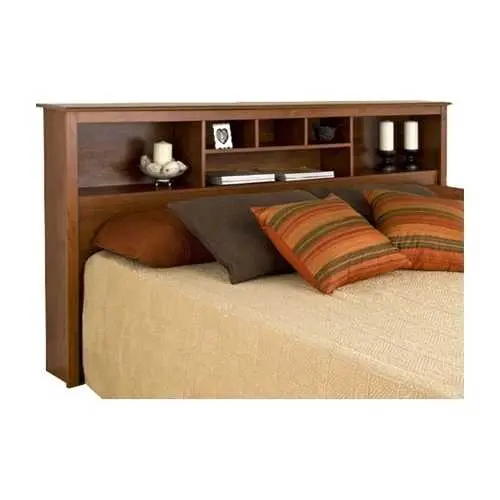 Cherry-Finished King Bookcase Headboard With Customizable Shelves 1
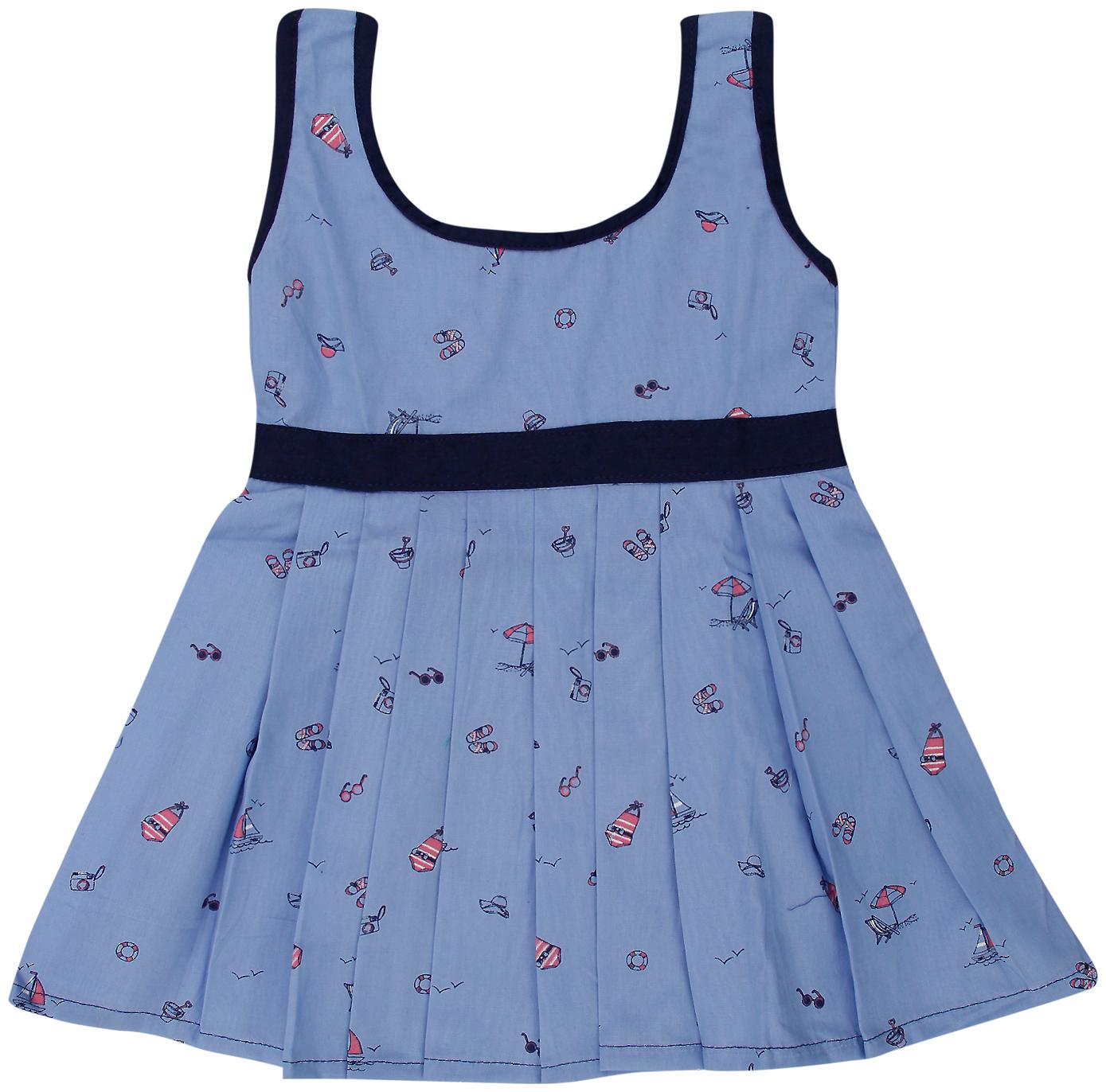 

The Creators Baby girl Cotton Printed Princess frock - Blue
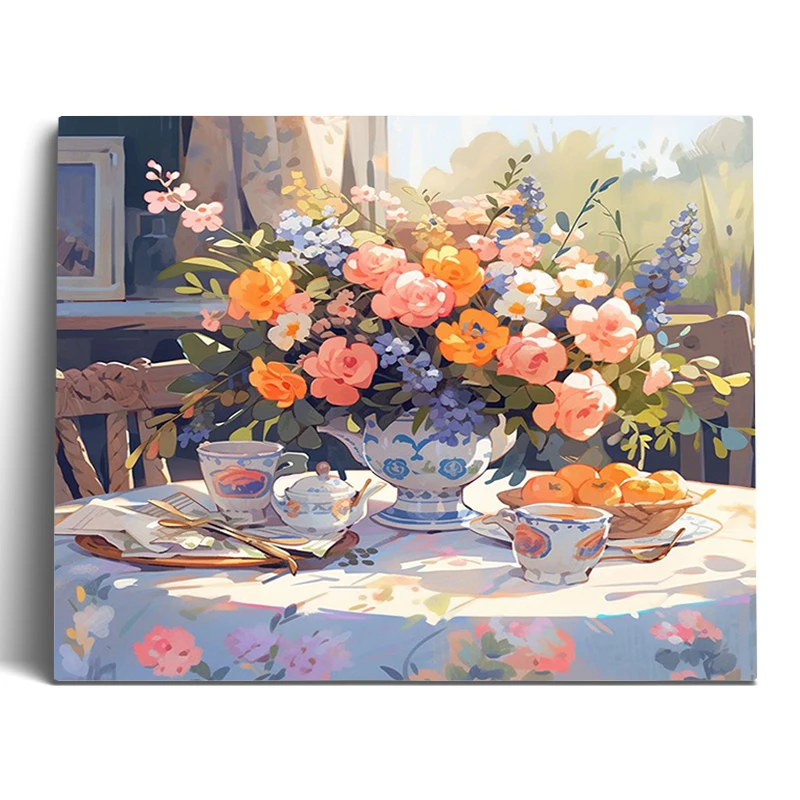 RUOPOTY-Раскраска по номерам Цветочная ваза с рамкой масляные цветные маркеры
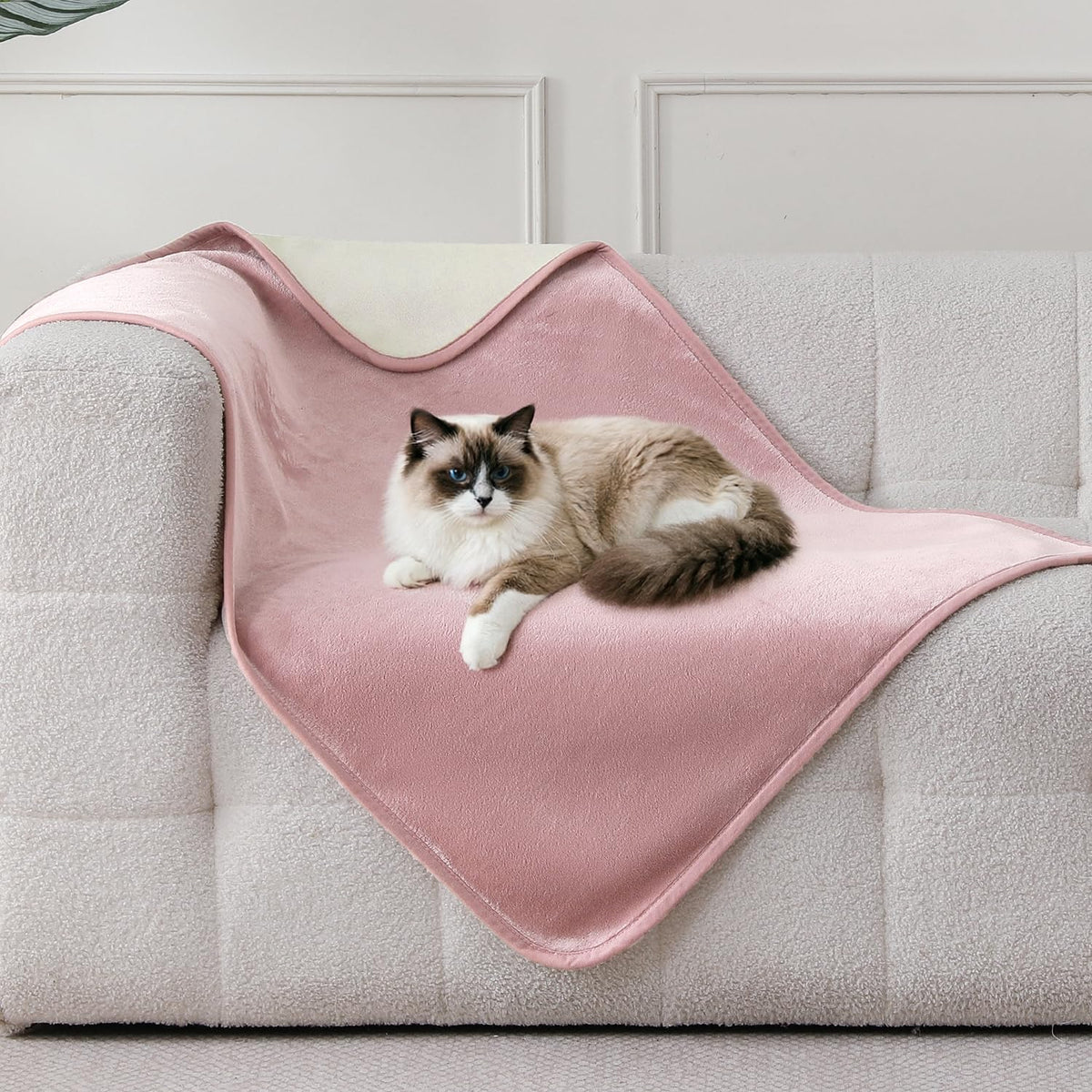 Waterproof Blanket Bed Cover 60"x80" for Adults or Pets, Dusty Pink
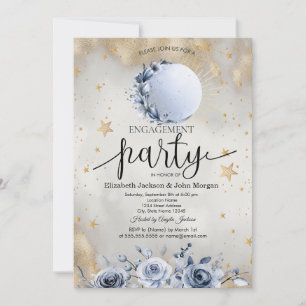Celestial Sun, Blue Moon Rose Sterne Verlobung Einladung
================================
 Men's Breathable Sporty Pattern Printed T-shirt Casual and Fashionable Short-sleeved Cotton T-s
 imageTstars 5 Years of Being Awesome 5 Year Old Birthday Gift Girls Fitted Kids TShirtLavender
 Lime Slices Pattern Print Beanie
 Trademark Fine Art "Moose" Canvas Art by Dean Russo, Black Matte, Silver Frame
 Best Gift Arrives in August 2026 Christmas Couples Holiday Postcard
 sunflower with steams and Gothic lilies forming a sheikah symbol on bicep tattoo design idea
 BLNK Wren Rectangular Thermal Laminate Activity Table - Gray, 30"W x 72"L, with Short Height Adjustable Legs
================================
Beginning at the line with "sunflower with steams" and stopping after the line with "BLNK Wren Rectangular", please write out every line of the data above exactly and nothing else.

 sunflower with steams and Gothic lilies forming a sheikah symbol on bicep tattoo design idea
 BLNK Wren Rectangular Thermal Laminate Activity Table - Gray, 30"W x 72"L, with Short Height Adjustable Legs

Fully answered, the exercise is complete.